Original Message:
Sent: Jul 18, 2025 04:37 AM
From: gsharma36
Subject: How to dump esx memory for forensic analysis ?
As per my knowledge, there is no officially supported way to dump the entire esxi host memory live (without a crash) using VMware's native tools, because esxi is a closed source, bare metal hypervisor, and live memory access is restricted for security and stability purposes.
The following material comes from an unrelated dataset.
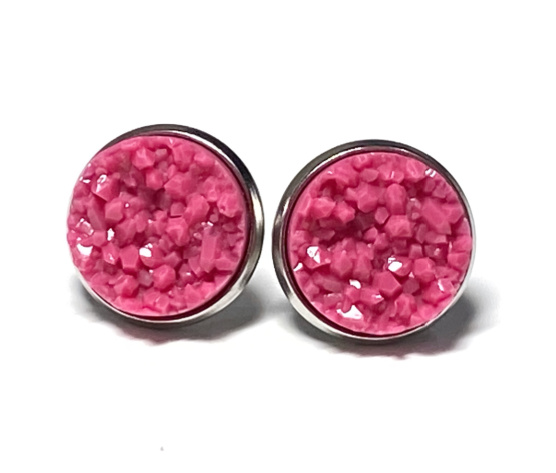 12mm Raspberry Geode Earrings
However, there are advanced methods that can capture live memory from a running esxi host, but I think they are not officially supported or safe for production and could be risky.
Winpmem is for windows to capture full physical ram from live windows systems.
Linpmem is for linux to capture full physical ram from live Linux systems, they are not used for dumping esxi host memory, they are relevant for virtual machines running windows or linux on top of ESXi when you want to capture their memory without suspending them.
If you want to dump windows vm memory running on esxi, use winpmem.exe inside the vm
Or if you want to dump linux vm memory running on esxi then use linpmem inside the vm.
You can use esxi native tool to dump the memory of an esxi host.
Thanks
------------------------------
Thanks & Regards
Gourav Sharma
Original Message:
Sent: Jul 17, 2025 01:34 PM
From: David Delsouc
Subject: How to dump esx memory for forensic analysis ?
Hi,
Thank you for your answer.
Your article is very good and is a first step. We can dump process memory like hostd or kernel, but I think the security team want to capture the whole memory (like winpmem or linpmem).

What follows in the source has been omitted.